On the weekend I bought a tube of Payne's Grey, and
the other night did this small portrait of a friend, using
that colour exclusively (as David recommends) with
a black marker drawing underneath.  There will be more
of that.

In the late afternoon today we had real winter, and I drove
home from my long day at school clutching the steering
wheel.  We've been beyond lucky this winter -- I think
this is the first real snowfall yet, and only the second
day of freaky driving.  That's probably a bad sign for the
planet, but it has been a treat.


Have a working-on-your-values day.

Friday, January 27, 2012

Remember to notice the light

 

 The lane in winter
iPad drawing
8 x 10 inches
Barbara Muir © 2012

In some ways it's been a somber day.  Friends and
family members having some hard times.  But outside
nature was putting on a spectacular show -- first of
all a snowfall that coated everything in that perfect
sugar candy coating of snow -- every branch, every
leaf still trying to grow in the garden.  Then the sun
came out and melted most of it.  And at the end of
the day wispy clouds against a azure sky.  Winter
you sure know how to shake things up.

I looked up a photo I took of a lane near my house
that I love, and decided to do a drawing on my iPad.
The colours are so glorious -- pure pleasure.  And
that matters.  So here it is.  Another little iPad drawing.
I'm heading back down to the studio now to mess
with some paint.  My sister-in-law Lina pointed
out that the light's returning to the land.  Now
that is joyous news.

Have a rollicking-in-the-light day.

Thursday, January 26, 2012

Is happiness real?

 Dreaming of Maine
Acrylic on canvas
8 x 8 inches
Barbara Muir © 2012
Once again I've had a great day.  Not much time
to paint, but I had fun thinking about Maine and
parts of New Brunswick with this one, where you
come upon buildings that run into one another, and
go on and on because some new addition was needed,
and unlike our tiny city lots the room was there,
so Bob's your uncle, ipso facto, lets add another
section on.  Some of them are my favorite white
clapboard, and that's what I was thinking about
in this little dreamscape.

I met a friend I hadn't seen for a long time today,
and we had the greatest talk.  I am such a firm
believer in happiness and always enjoy
good conversation in a lovely setting.  I walked
away with a rich feeling of delight colouring
my day.

But by contrast it seems that so many people
I've talked to recently are leary of the idea
of happiness.
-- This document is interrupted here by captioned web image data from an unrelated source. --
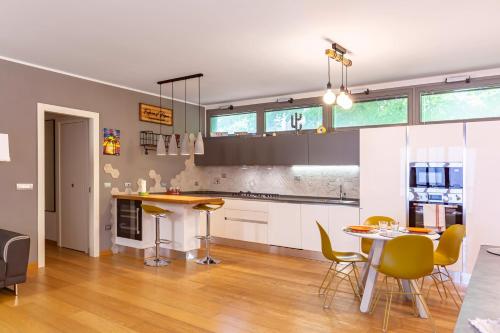 GuestHost - Modern Apartment with Large Terrace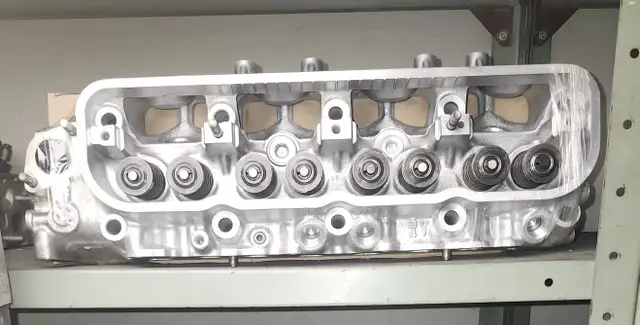 ⚙️ Vente et  Réparation de Têtes de Moteur (Culasses)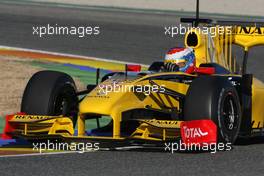 03.02.2010 Valencia, Spain,  Vitaly Petrov (RUS), Renault F1 Team, R30 - Formula 1 Testing, Valencia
They ask -- is happiness real?
Substitute possible, achievable, valuable? 
Is this just winter acting on the collective
mood? Maybe it doesn't matter.  Apparently pessimists
are classically conservative, and optimists more liberal.
I have no idea whether or not this is true. I do
know that it feels infinitely better to think you're
happy, than to know that you're not.

Steven and I went out to Ikea, for our Thursday
night supper.  The people behind the counter
there recognize us because we've been following
this strange, predictable pattern for almost
two years.  We eat practically the same meals, and
sit where we can watch little children and families
playing.  Tonight a mother was spoon feeding supper
to her six year old girl, so that the child didn't have
to stop playing to eat.  Both the mother and child
were happy.  I think.  And we were happy watching
them.  I think.  We also seemed to be happy in
the car listening to a wildly funny radio show
and laughing our heads off.

Maybe it's those new vitamins Steven's been giving
me, because despite reasons for sorrow that are
always present, I have been feeling overwhelmingly
content.  Even happy.  Maybe you're the reason for
that, and you and you and you.  Thanks for that.
I think it's real. And if I'm living in some
Descartian/Augustinian duality for now I think
I'll chill, and say WooHoo! Today life is good.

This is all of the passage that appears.